When the prevalence of alcohol intake comes to the habits of the study participants, in our study is 32%. A cross-sectional study by Ghosh et al.,15 among 228 individuals in Kolkata, India, states that the prevalence of alcohol consumption is 65.8% with alcohol dependence of 14%.
About heat-related illness, in our study, the prevalence of fatigability is 100%. In contrast to this study, a study done by Sadiq et al.16 in Nigeria conclude that the prevalence of tiredness is 48.5%. This difference may be due to the topographical variations between the places.

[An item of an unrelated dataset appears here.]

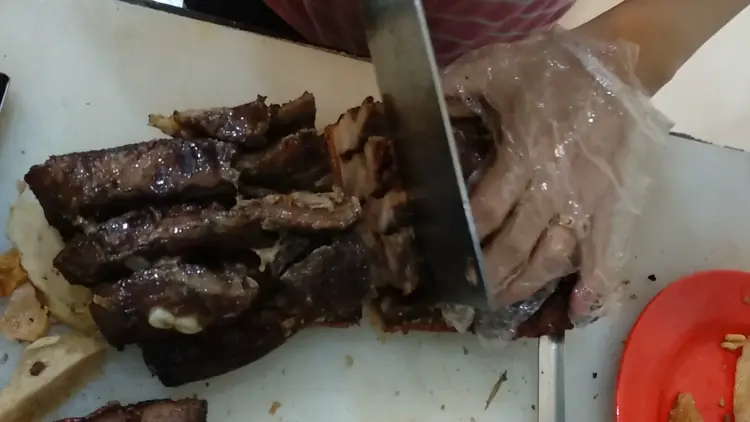 Warung 52 Babi Panggang & Spesial Menu Babi Favorit Jogja 3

Considering the respiratory morbidities, in our study the prevalence of cough is about 21%. Similarly, a study done by Woldeamanuel et al.,17 among 288 agricultural farmers, conclude that the prevalence of cough is 20.5%. Thus, these results indicate the importance of including agricultural workers as a high-risk population for respiratory diseases.
In India, a study done by Jain et al.18 in Jaipur, among 138 manual working farmers, states that the prevalence of low back pain is 71.4 and 55% have wrist pain. In this study, about 31% of the study participants had wrist pain. A study done by Jain et al.,19 in Rajasthan, among farmers states that the prevalence of back pain and wrist pain is more than 50%. Thus, every farmer experience one or another form of musculoskeletal disorder. This indicates that special attention to be given to early diagnosis, treatment, and rehabilitation services among agricultural workers.

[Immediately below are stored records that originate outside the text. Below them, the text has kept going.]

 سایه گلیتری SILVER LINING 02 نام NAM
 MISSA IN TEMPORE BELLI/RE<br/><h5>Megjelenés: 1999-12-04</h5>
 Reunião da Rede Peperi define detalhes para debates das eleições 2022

The correlation revealed in this study cannot be presumed to represent the causative agent because it is a cross-sectional study. Because this is a community-based study, it will require a large number of similar studies to back up its conclusions. Respondents from two villages were only interviewed, this would not be a final one in other rural villages in the same district.

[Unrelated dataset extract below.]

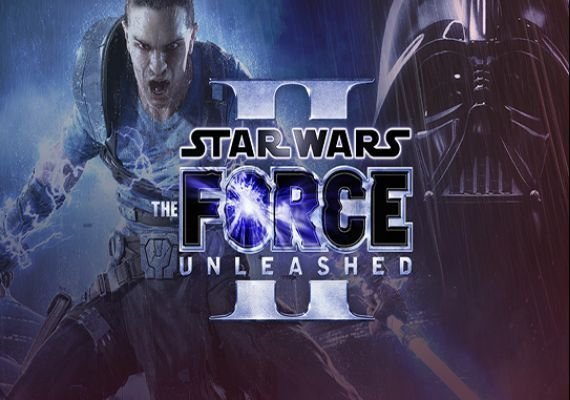 Star Wars: De Force ontketend II RU Steam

The use of tobacco and the consumption of alcoholic beverages is very common among people residing in these villages. Fatigability and myalgia are common ailments among farmers. Morbidity connected to musculoskeletal injuries, electric risks, injury from sharp instruments, heat-associated disease, animal bites, and skin morbidity affects more than three-quarters of agricultural laborers. Every farmer must be checked for musculoskeletal morbidities as well as other comorbidities such as diabetes and hypertension. The complications among agricultural employees will be delayed or halted as a result of this.
Since agriculture plays a key role in the country’s economy, the health of the agricultural workers should be sustained and it remains a key priority for the country. Since most of the agricultural workers are illiterate educational assistance should be provided by the government along with private partnerships. Conducting outreach camps involving mobile health units at their field level where the facilities should include laboratory investigations, health check-ups, distribution of drugs, etc. Conducting periodic training at the institutes regarding the importance of wearing personal protective materials and proper handling of machinery. Make use of “Makkalai thedi maruthuvam” for the screening of non-communicable diseases and thereby reducing complications.